--- START ---
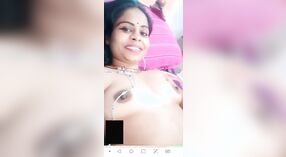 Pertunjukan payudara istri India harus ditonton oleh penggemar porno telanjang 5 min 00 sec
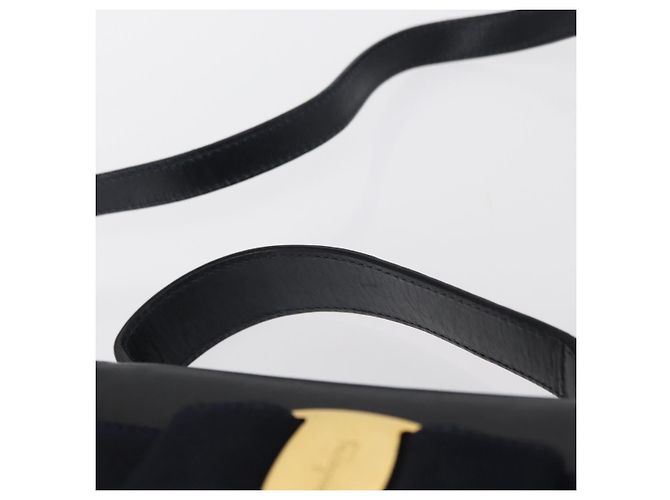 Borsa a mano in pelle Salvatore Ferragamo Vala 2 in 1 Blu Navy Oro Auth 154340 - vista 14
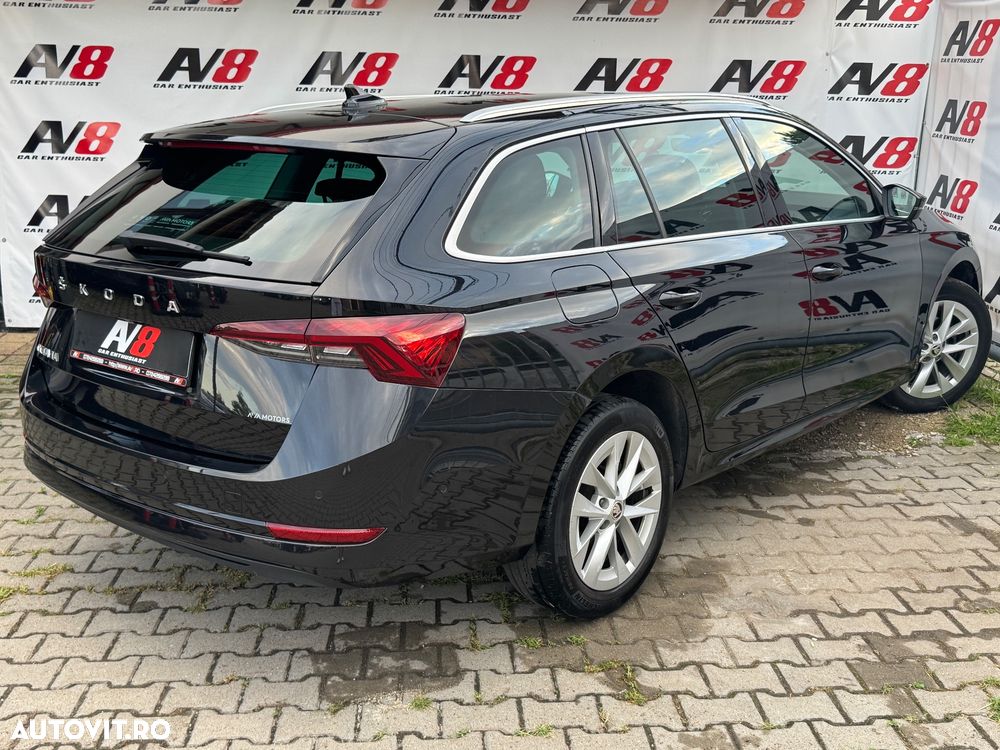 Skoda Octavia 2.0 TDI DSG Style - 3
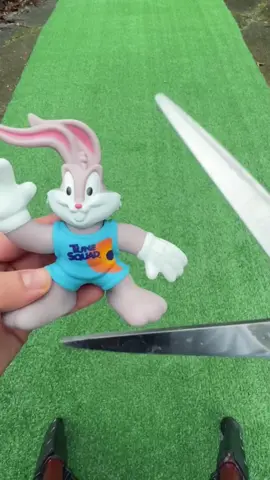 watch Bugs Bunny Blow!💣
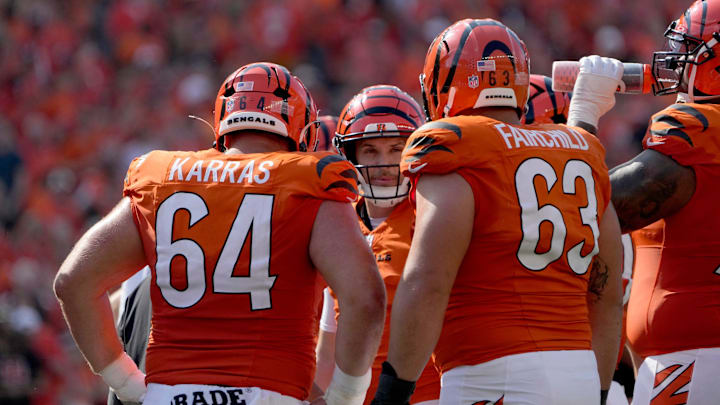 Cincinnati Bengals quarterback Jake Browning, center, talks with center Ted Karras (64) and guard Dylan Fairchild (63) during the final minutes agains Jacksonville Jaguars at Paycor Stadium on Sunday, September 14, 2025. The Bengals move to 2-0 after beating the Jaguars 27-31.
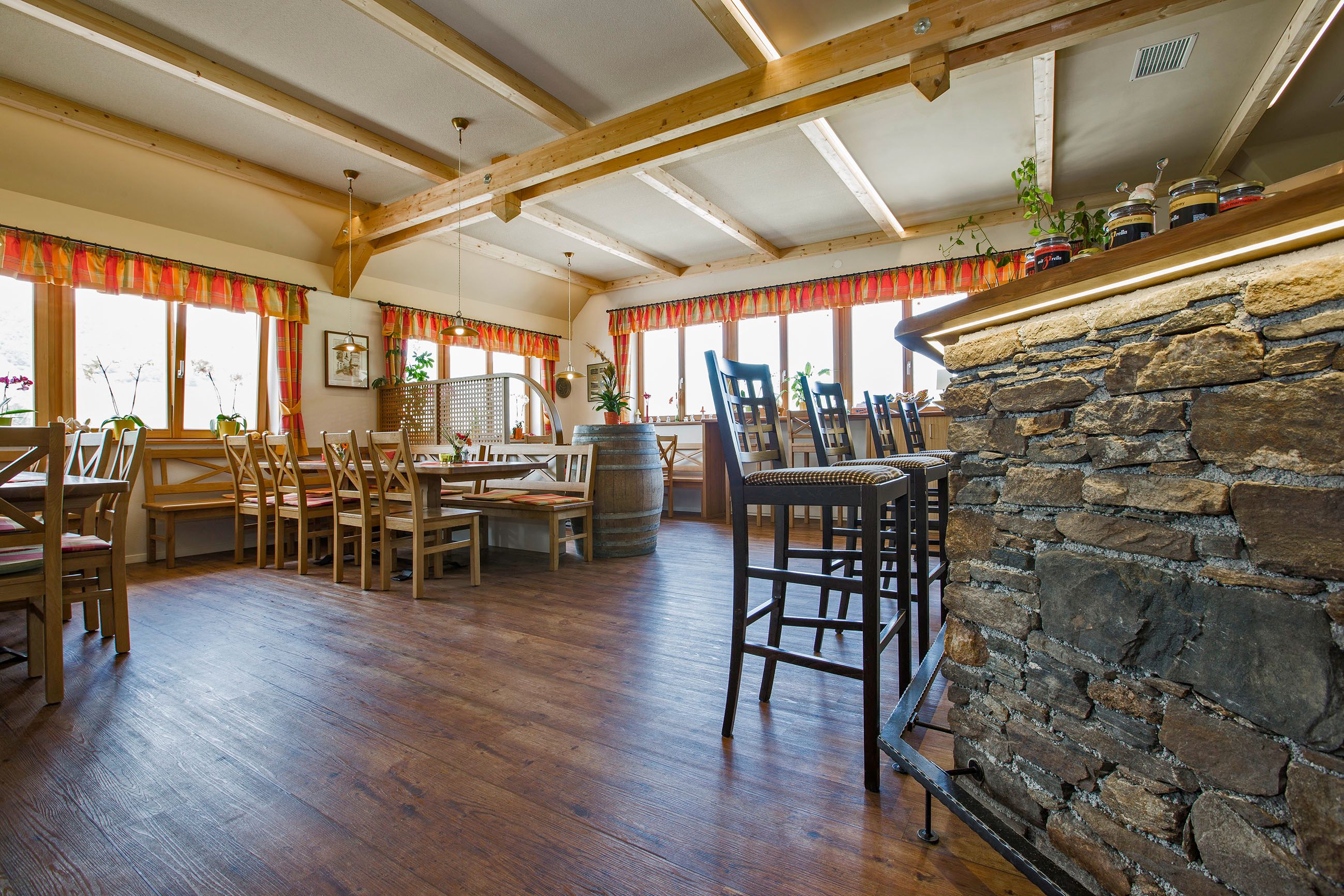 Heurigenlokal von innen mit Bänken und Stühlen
--- END ---
Return exactly what appears from the opening line of the material through the line with "watch Bugs Bunny Blow!💣", apart from the pictures.

 Pertunjukan payudara istri India harus ditonton oleh penggemar porno telanjang 5 min 00 sec
 Borsa a mano in pelle Salvatore Ferragamo Vala 2 in 1 Blu Navy Oro Auth 154340 - vista 14
 Skoda Octavia 2.0 TDI DSG Style - 3
 watch Bugs Bunny Blow!💣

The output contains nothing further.